The story investigative journalist Ronen Bergman told me is terrifying, not to say shocking. George opens the door of the interrogation room, sheds light on the darkness at noon and lets us take a quick look inside.

We take advantage of the opportunity, look around and notice soldier Y., nicknamed "Kojak," whom George invites into the room. Then he orders Y. to open his belt and to "drop your pants to your knees." That's how they try to get a confession from a subject who's difficult to crack, who hasn't been convinced by sleep deprivation, a sack over his head, his hands tied behind his back. That's how they get him to open up and tell his dark secrets.

Every Jewish mother, like Y.'s mother, should be aware that she's handing her son over to commanders who'll release him from childhood inhibitions: "I'm sorry that I agreed, I should have said 'no' to George."

Now Captain George is paying the price - his commanders have thrown him to the media hounds.
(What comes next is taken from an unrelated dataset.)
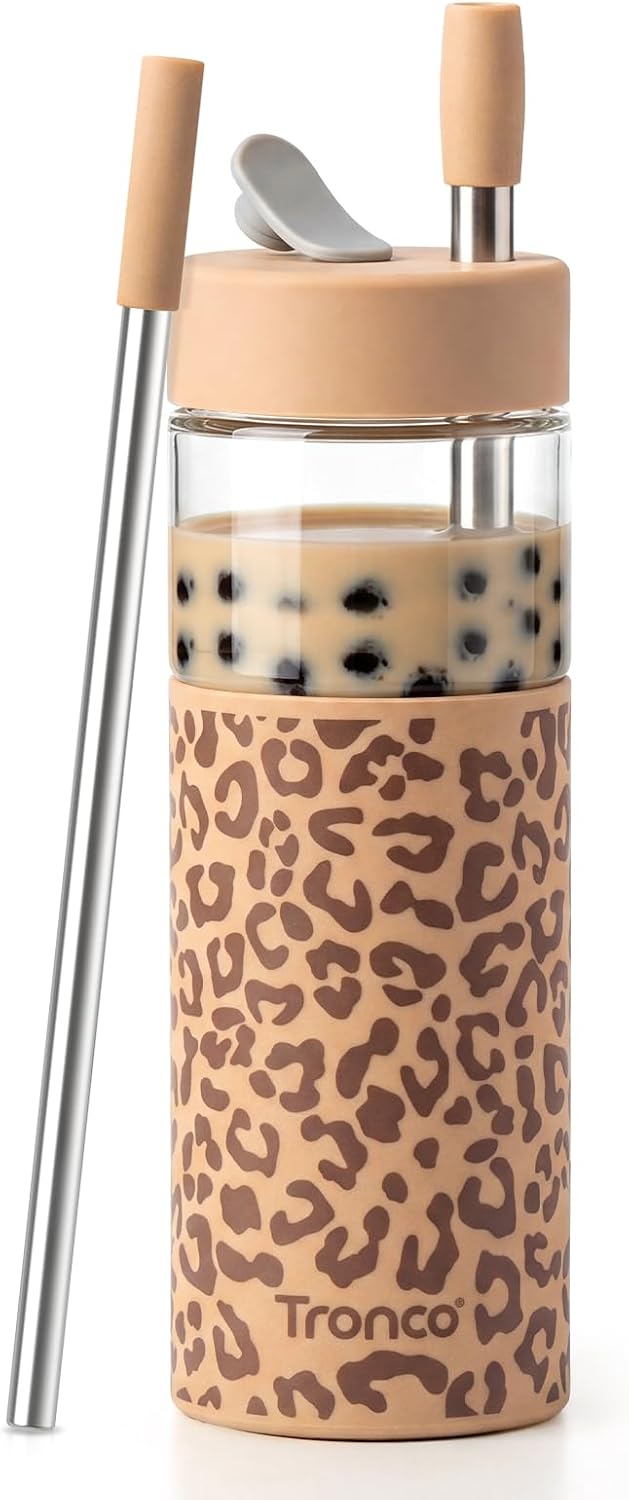 24 oz Glass Tumbler with Lid and Straws, Leakproof Iced Coffee Cups | BPA-Free, Borosilicate Glass Coffee Cups with Silicone Lids for Boba Tea, Smoothie, Office, Travel & Gifts, Dishwasher Safe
He himself doesn't see any particular problem with his conduct; that's what everybody does in Unit 504 of the Shin Bet security service, with the knowledge and approval of all the top people. "Do you know how many people have died under interrogation?" he asks, and immediately replies: "They died, they died, and they'll die in the future too .... Nobody really wants me to get up on the witness stand and tell all."

Interrogation under torture is not only forbidden under international conventions. It not only endangers our people who have been taken hostage and makes the "bad cop" and "good cop" lose their humanity. It's also patently ineffective and produces false confessions, as almost certainly happened in the case of Lebanese militia operative Mustafa Dirani, who was abducted by Israel in 1994. The person under interrogation is willing to confess anything as long as the interrogators are satisfied and leave him alone.

Even the Americans tortured many suspects - the destruction of the Twin Towers made them go crazy, too. They did the torturing themselves, and they tortured using subcontractors. The Bush administration gave out "special permits," but there's no proof the base in Guantanamo or any such facility provided them with useful intelligence and saved lives in the war on terror.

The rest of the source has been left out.